Problem description: Word for word, the data below must be repeated in full; no picture is to be included.

*** Material to process Section Begins ***

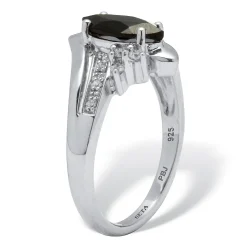 .12 Tcw Onyx And Cz Platinum-Plated Ring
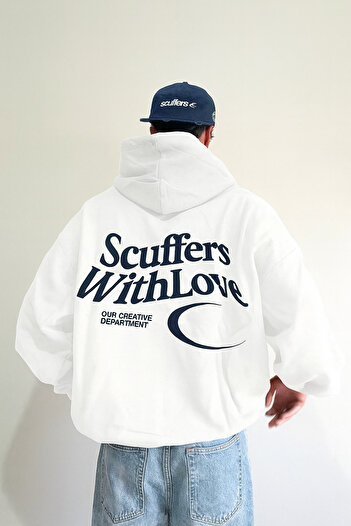 CLASSY.MODA Scuffers with Love Text Printed Hooded Sweatshirt Oversize Unisex Kangaroo Pocket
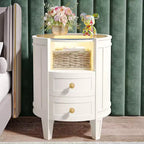 Table de chevet ovale Lantine : Aucun assemblage requis, 2 tiroirs LED, dessus en verre, table d'appoint ronde moderne blanche pour chambre à coucher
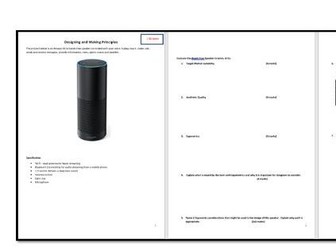GCSE Design & Technology 9-1 Designing and Making Principles practise exam question / REVISION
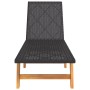 Synthetic rattan and solid brown and black acacia wood sun lounger by vidaXL, Loungers - Ref: Foro24-319726, Price: 129,36 €,...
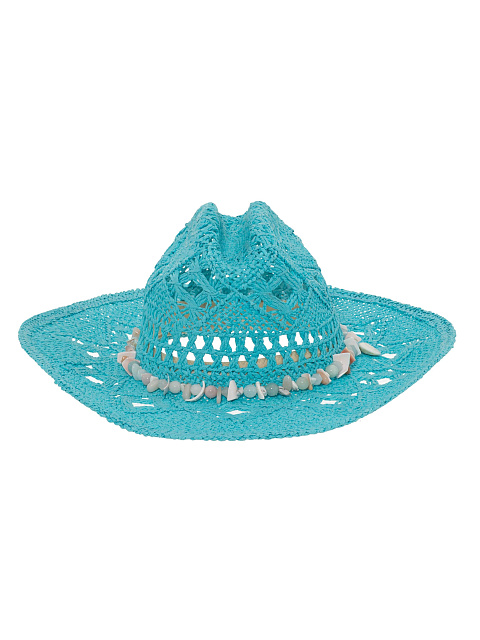 Бирюзовая соломенная шляпа с декором из берилла, лунного камня и ракушек, 2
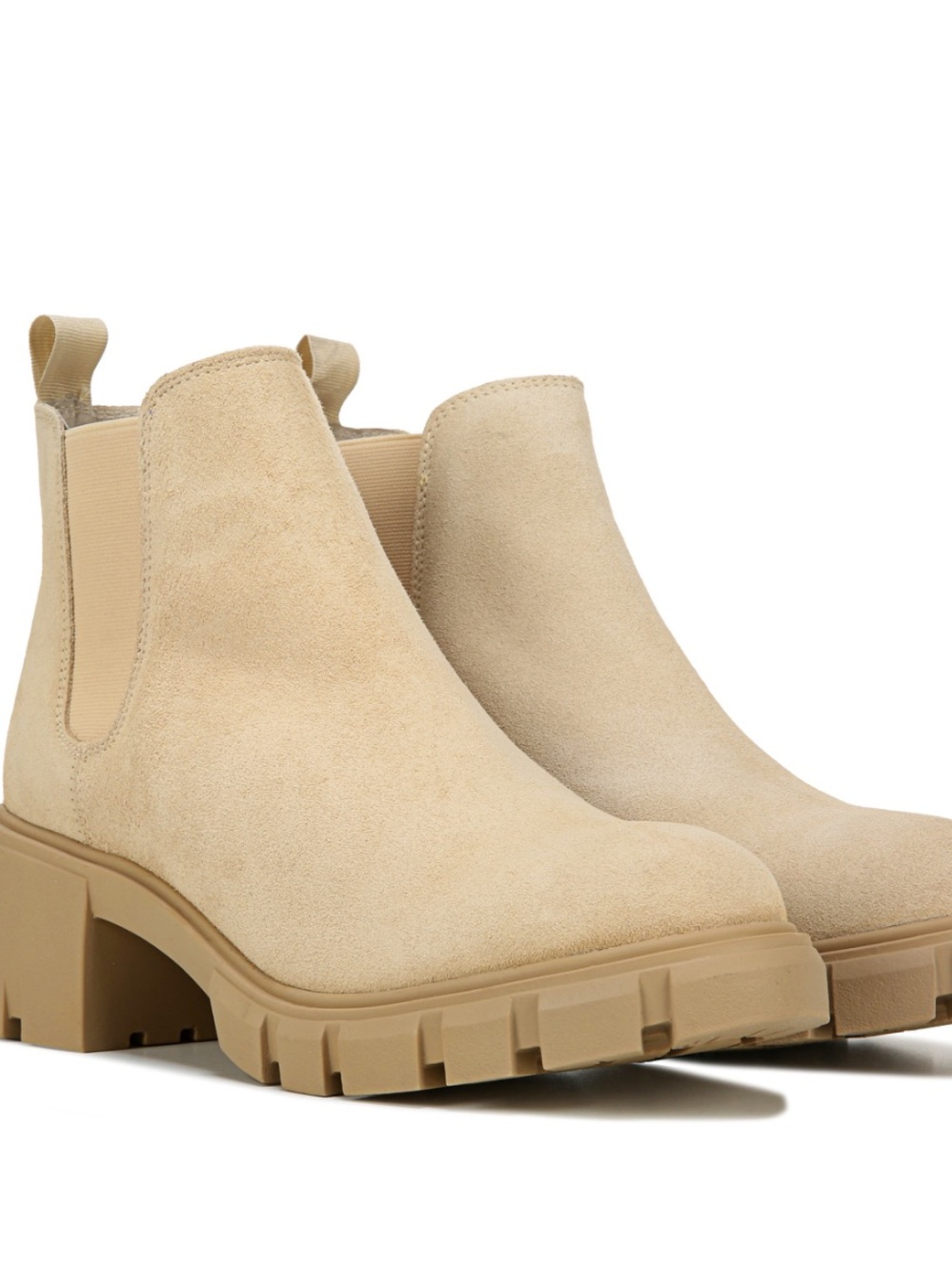 Steve Madden Howler Chunky Lug Sole Chelsea Suede boots, tan, size 8 - Picture 2 of 10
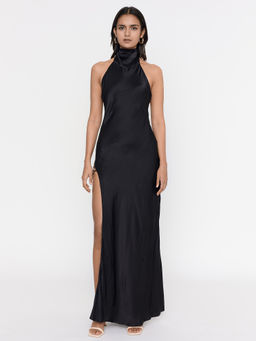 Deme - Stella Black Satin Gown With Rings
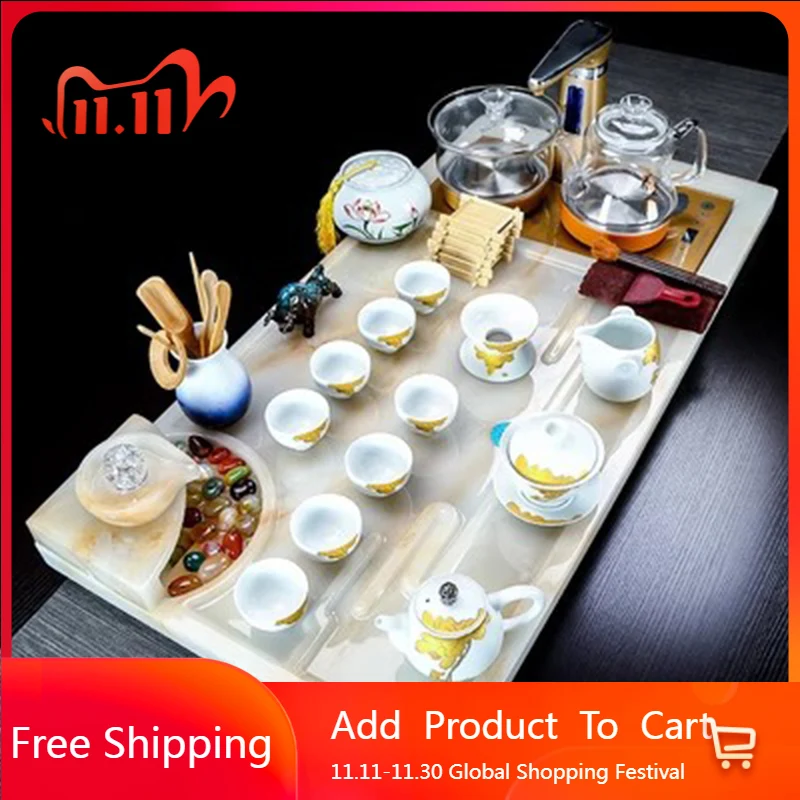 Crystal Stone Ceremony Tea Tray Valet Office Pot Hospitality Jewelry Kung Fu Tea Tray Rectangle Table Bandejas Home Products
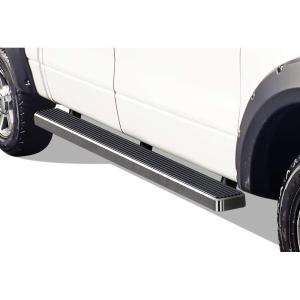 imageAPS Black Running Boards Style Compatible with Ford F150 20042008 SuperCrew Cab Nerf Bars Side Steps Side BarsSilver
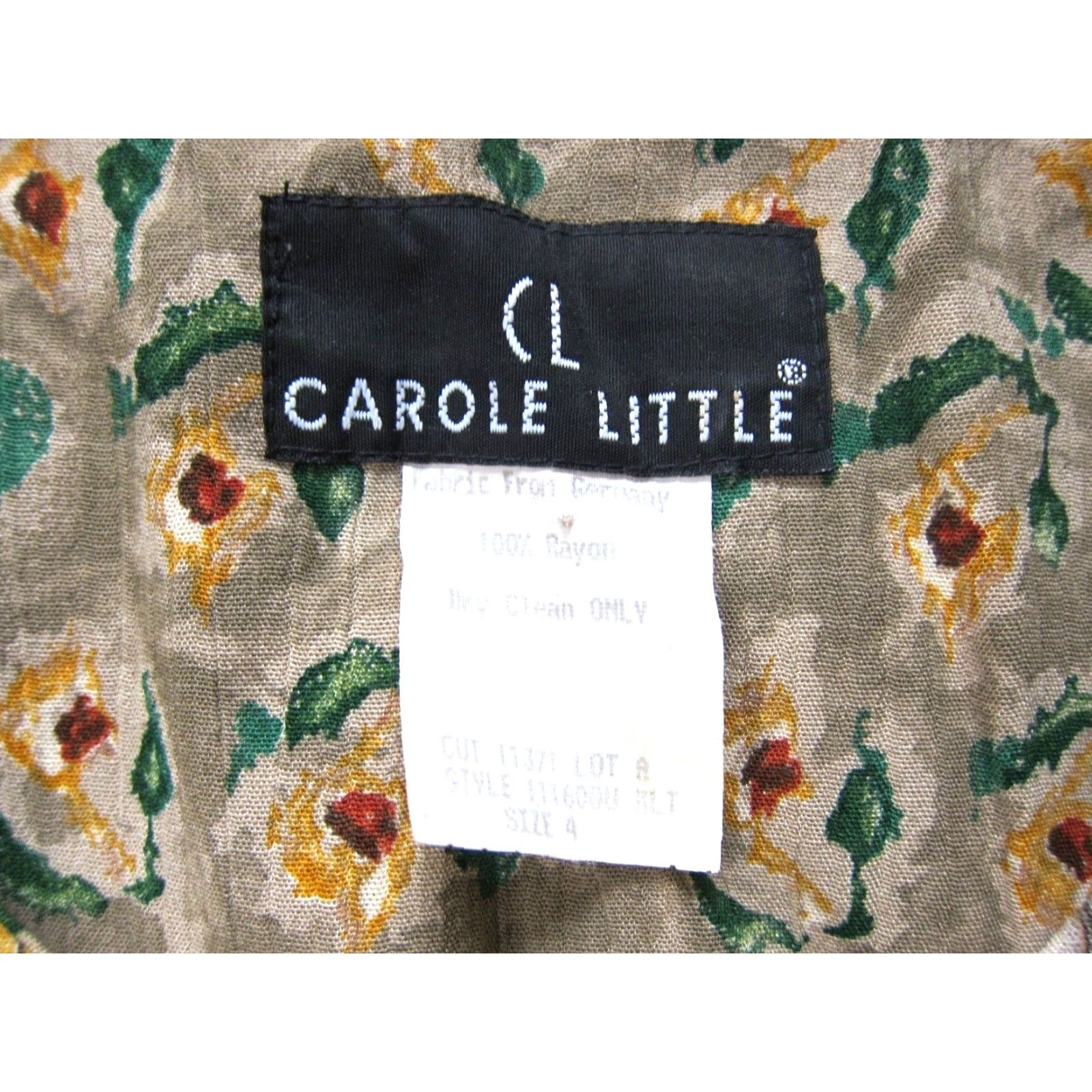 Vintage Vintage Carole Little Blouse Shirt 4 Women Long Sleeve V-Neck Green Yellow Brown 100% Rayon Notes Size S / US 4 / IT 40 - 4 Thumbnail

*** Material to process Section Ends ***

Response box:
 .12 Tcw Onyx And Cz Platinum-Plated Ring
 CLASSY.MODA Scuffers with Love Text Printed Hooded Sweatshirt Oversize Unisex Kangaroo Pocket
 Table de chevet ovale Lantine : Aucun assemblage requis, 2 tiroirs LED, dessus en verre, table d'appoint ronde moderne blanche pour chambre à coucher
GCSE Design & Technology 9-1 Designing and Making Principles practise exam question / REVISION
 Synthetic rattan and solid brown and black acacia wood sun lounger by vidaXL, Loungers - Ref: Foro24-319726, Price: 129,36 €,...
 Бирюзовая соломенная шляпа с декором из берилла, лунного камня и ракушек, 2
 Steve Madden Howler Chunky Lug Sole Chelsea Suede boots, tan, size 8 - Picture 2 of 10
 Deme - Stella Black Satin Gown With Rings
 Crystal Stone Ceremony Tea Tray Valet Office Pot Hospitality Jewelry Kung Fu Tea Tray Rectangle Table Bandejas Home Products
 imageAPS Black Running Boards Style Compatible with Ford F150 20042008 SuperCrew Cab Nerf Bars Side Steps Side BarsSilver
 Vintage Vintage Carole Little Blouse Shirt 4 Women Long Sleeve V-Neck Green Yellow Brown 100% Rayon Notes Size S / US 4 / IT 40 - 4 Thumbnail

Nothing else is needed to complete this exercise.